Vale a pena pensar numa questão que o filme sugere, nem sei se conscientemente, no entanto. O menino robô da história é um protótipo de crianças feitas para suprir o mercado de pais carentes, gente que quer substituir um filho perdido ou apenas ter alguém pequeno e amável em casa, mesmo que seja artificial. Para ser um bom filho, o robô precisa amar a sua mãe. O robô do Spielberg já vem com pilhas e com édipo instalado. Adora a sua mãe, que aprende a adorá-lo também, mas acaba tendo que largá-lo no mato (detalhes no próprio filme, acho que ainda está passando em algum lugar) como um gato que não se quer mais. Todo o resto do filme é sobre a sua volta para casa, como muitas vezes também fazem os gatos enjeitados. Os bichos voltam para onde são alimentados e cuidados. O que o pequeno robô pede a todos que parecem gostar dele é “Me proteja”. Ele ganhou a capacidade de amar para ser amado, e o que o amor da mãe e dos outros lhe assegura é a sobrevivência. A questão do filme, intencional ou não, é a da utilidade da emoção nas nossas vidas. Ou, sem sentimentalismo, para que serve sentimento?

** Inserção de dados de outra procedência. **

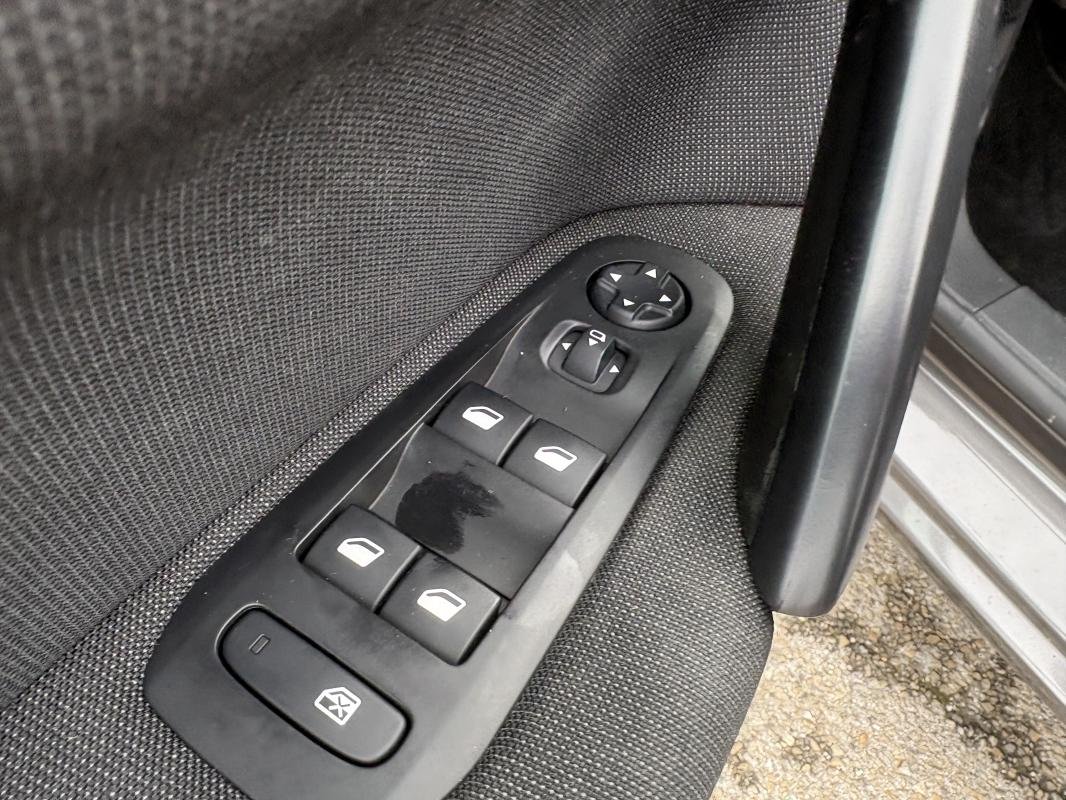 Peugeot 308 SW - Photo 9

Um robô perfeito seria o que tivesse tudo do ser humano menos a emoção debilitadora, o que o pouparia da dor, da desilusão e dos chamados instintos baixos, ou a emoção faria parte do kit de sobrevivência que asseguraria a sua perfeição? Todos nós (bem, quase todos) nos enternecemos com bebês porque os seres humanos nascem incompletos, com cérebros ainda em formação, e precisam ser protegidos. Eles serem adoráveis e nós os adorarmos é um estratagema da Natureza para defender a caixa craniana dos bebês até que ela acabe de fechar. Amor é o nome de fantasia do impulso sexual, sem o qual nenhum de nós estaria aqui. A alma — essa coisa indefinível que nos distinguiria dos bichos e das máquinas — é um acessório não-orgânico que garante a continuidade do organismo. Acrescentá-la a gente artificial seria uma precaução científica, para protegê-la, não uma recaída antropofílica.
Mas sempre haveria o risco de uma disfunção, como pode acontecer tanto com os sentimentos como com os circuitos. O filme termina com o pequeno robô, no fim da sua volta obsessiva para casa, na cama com a mãe. Com o Spielberg, implicitamente, no meio.